Nargis thought, ‘Who is going to answer this?’ 

But there is a streak of sunlight and hope that penetrates this numbing darkness when the authors talk about ‘a community in resistance’. They write about people who are in the same struggle to uphold individual and human rights as well as democracy. 

And whenever the authors met the families of political prisoners or former prisoners, there was a long discussion on the status of other prisoners and their families and their communities. Inadvertently, Vijayan and Recchia became ‘carriers of information in this wider network of people, who may or may not have met before, but who are now intimately connected by a shared destiny.’  

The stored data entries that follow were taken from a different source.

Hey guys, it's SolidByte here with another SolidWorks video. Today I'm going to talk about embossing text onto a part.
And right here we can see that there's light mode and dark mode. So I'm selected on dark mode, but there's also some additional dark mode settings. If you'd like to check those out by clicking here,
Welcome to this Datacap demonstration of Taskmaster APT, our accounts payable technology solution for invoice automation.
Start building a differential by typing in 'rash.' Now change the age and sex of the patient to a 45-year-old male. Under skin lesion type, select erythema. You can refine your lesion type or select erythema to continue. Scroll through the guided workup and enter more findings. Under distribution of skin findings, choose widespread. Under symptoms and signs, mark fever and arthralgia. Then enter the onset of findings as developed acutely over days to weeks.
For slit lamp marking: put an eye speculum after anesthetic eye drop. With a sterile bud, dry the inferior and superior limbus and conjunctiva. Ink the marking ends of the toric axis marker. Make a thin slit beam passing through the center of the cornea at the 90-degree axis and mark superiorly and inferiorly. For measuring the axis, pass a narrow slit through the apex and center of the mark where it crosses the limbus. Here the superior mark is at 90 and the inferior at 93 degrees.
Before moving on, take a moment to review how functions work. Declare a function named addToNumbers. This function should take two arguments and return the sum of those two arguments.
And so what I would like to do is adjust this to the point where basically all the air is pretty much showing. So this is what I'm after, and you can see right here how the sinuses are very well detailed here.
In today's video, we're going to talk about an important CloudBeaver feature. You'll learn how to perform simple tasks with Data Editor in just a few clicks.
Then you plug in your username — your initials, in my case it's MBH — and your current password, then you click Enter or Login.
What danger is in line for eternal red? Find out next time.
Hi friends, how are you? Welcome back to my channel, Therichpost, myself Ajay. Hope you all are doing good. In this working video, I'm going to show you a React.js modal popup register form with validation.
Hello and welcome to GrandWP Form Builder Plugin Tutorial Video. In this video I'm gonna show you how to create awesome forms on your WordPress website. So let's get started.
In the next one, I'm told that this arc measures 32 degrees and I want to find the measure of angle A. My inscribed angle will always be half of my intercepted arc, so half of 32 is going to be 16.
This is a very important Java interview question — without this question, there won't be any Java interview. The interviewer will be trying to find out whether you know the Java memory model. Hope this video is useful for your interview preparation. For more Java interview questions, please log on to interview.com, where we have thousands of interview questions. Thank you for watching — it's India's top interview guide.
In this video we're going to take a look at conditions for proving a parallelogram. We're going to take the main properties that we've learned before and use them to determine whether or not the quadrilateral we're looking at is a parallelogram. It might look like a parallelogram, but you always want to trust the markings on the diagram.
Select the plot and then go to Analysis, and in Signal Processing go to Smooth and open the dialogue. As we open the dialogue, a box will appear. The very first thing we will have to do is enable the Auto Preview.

And the prisoners were grateful for the support. From prison, Fr. Swamy (1937-2021) wrote, ‘First of all, I deeply appreciate the overwhelming solidarity expressed by many people during these past 100 days behind bars. At times, news of such solidarity has given me immense strength and courage, especially when the only thing certain in prison is uncertainty.’

In the last line of the missive, he said, ‘A caged bird can still sing.’ 

Once, when Sahba Husain went to meet her jailed partner, human rights activist Gautam Navlakha, he quoted a line from Canadian singer Leonard Cohen: ‘There is a crack in everything. That’s how the light gets in.’   

One of the most moving chapters is called ‘Small Things’. The authors had asked the families of prisoners and the prisoners themselves to share objects that were meaningful to them about their experience in jail. These photos are displayed in the book. 

For example, Fr Frazer Mascarenhas, who was Fr. Swamy’s guardian and official next-of-kin, preserved the hearing aid that was used by the late activist. There are paintings and photographs. But the most touching was when Khalid Saifi’s daughter Maryam drew a card for her father, but the guards would not allow Khalid’s wife Nargis to show it. So Maryam requested Nargis to draw it on her arm, and they took a photo. 

In another section, there are poignant letters written by the prisoners to family members, to jail superintendents, and friends. 

This is a heart-breaking book. Most people are not aware of how bad things become when the state moves against you when you show dissent. So the authors have to be commended for an extraordinary achievement. Publisher Westland, through the Context imprint, deserves plaudits for having the courage to publish it. 

Finally, the authors make a telling statement in the epilogue: ‘The Indian state, with its immense power and vast resources, was scared of its writers, thinkers, scholars and activists. Its prisoners stood tall, laughed and sang in the face of unrelenting assaults.’